From somewhere came a spark of her old self, the self that had made its way when she’d first come to London, a girl alone, knowing nothing but her soft, comfortable upbringing, the one who had so innocently fallen for another silver tongue and ended up pregnant, spurned by her family; the old self that had confronted her father all those years ago, had angrily told him his fortune and had never laid eyes on him since, nor ever cared to. She had made her own way in the world no matter that she’d made mistakes, felt things had sometimes got on top of her. But looking back she had fared moderately well, had become stronger if not as strong as she would have liked. But she had confronted obstacles, surmounted them and come out somewhere on top hadn’t she? She had made money by her own brain, maybe with a little help here and there. The fact that she was broke didn’t mean that life was over. And yet . . .

There came a slow awareness of her life stretching ahead of her as she grew older, her face becoming lined, her body bowed, no one to grow old with her, no one to care, her wonderful soirées, marvellous parties not even a memory in people’s minds as they went on with their lives. What had been the point of it all?

As if in a dream Madeleine crossed the room and began dragging a chair to the centre of it. There, beneath the chandelier she stood beside the chair and took off the sash of her dressing gown. There was no other place in this room to do what she intended. She was alone in the house. By the time Mrs Crossland arrived, it would be over.

She would tie one end of the silk sash around her neck, climb on the chair and fasten the other end of the sash around one of the gilt arms of the chandelier in the middle of this room where she had held so many of her lovely parties. One leap and it would all be ended. No more worry, no more fretting, no more aching heart, no more loneliness – so simple, so quick.

If she stood on tiptoe on the chair she would just about reach up to the chandelier. Hopefully as she kicked the chair aside, the jerk would break her neck, this feeling of emptiness would be over, this aching knowledge of having been betrayed – over.

For a moment she stood poised.
Betrayed?
No, in her need to have someone love her she’d allowed herself to be deceived. Not so much made a fool of but having been a fool. From somewhere came a spark of fury. Why was she bowing to the actions of some worthless little swine who had run out on her after all she’d done for him? She was better off without him. So, she had been hurt, was that reason enough to be doing what had been in her mind?

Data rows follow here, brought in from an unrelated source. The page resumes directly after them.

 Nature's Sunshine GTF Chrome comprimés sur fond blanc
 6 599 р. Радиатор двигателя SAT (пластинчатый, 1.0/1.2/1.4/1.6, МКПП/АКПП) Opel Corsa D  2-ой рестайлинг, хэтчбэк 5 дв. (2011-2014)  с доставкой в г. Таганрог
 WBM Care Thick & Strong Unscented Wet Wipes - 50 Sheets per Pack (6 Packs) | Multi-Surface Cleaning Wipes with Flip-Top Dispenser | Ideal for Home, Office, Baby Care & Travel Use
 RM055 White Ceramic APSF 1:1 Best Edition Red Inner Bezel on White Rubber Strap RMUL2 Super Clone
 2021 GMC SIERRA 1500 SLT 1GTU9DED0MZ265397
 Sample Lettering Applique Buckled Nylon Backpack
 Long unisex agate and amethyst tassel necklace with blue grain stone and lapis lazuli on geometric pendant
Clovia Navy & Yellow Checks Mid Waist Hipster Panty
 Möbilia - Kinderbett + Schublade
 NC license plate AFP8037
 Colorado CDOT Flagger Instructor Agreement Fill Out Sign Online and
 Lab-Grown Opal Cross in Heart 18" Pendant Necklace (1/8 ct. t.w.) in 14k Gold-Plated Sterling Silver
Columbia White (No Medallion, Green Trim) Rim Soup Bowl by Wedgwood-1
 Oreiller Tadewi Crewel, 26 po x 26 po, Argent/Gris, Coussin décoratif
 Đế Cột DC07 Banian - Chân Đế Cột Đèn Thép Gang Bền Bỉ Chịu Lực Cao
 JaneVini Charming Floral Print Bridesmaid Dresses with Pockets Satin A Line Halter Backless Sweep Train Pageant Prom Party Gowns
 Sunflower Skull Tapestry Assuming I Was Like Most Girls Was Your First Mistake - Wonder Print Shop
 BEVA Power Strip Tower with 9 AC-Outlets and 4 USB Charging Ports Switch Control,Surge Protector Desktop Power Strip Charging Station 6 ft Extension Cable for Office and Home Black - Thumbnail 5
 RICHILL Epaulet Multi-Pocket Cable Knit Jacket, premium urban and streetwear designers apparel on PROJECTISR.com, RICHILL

She suddenly felt so angry that it shot through her as if touched by a fire. If she did what she had been intending to do, who would have been the winner? Certainly not her. So she’d be facing life alone from now on. Maybe something would come along.

There came a sudden thought: any minute now Mrs Crossland would be letting herself into the house to begin her cleaning. If she found her lying here, dead . . .

Slowly she let the silken sash fall to the ground and as if in a dream placed the chair back in its place by the wall. It was then she heard the front door open and close. Mrs Crossland. But there were voices. Ronnie? He’d come back. Relief sweeping over her, she made for the door.

Mabel Crossland took her key from her purse to open the door of her employer’s lovely home, her mind miles away thinking of her daughter’s birthday, hoping she would be back home in time to greet her coming in from her shift at the switchboard of the big company where she held a job despite all the savage unemployment of late. She already had a lovely birthday spread and a big cake. There would be Dad, her grandparents, who lived with them, her brother Sidney, and her two aunts who lived just down the road.

She was smiling, visualizing the warm fire glowing and her house full of people as she made to put the key in the lock, when a sudden movement from behind startled her. She turned to see a man about to mount the steps in her wake, a taxi at the kerb on the point of drawing away.

Hardly giving her time to gasp, he exclaimed: ‘Is this Mrs Ingleton’s home? Mrs Madeleine Ingleton?’ His tone sounded urgent.

‘And who are you?’ she demanded, standing her ground.

‘I need to see her.’

Mabel Crossland stood rigid, defensive. ‘I don’t know you, sir.’

For an answer, still standing on the bottom step, he hastily fished in his inside breast pocket and drew out an envelope, waving it at her. He was tall, good-looking, well dressed. The blue eyes beneath the trilby were filled with an expression of urgency. ‘She wrote to me some while ago but I have been away. My name’s Ingleton. Maybe she has mentioned me.’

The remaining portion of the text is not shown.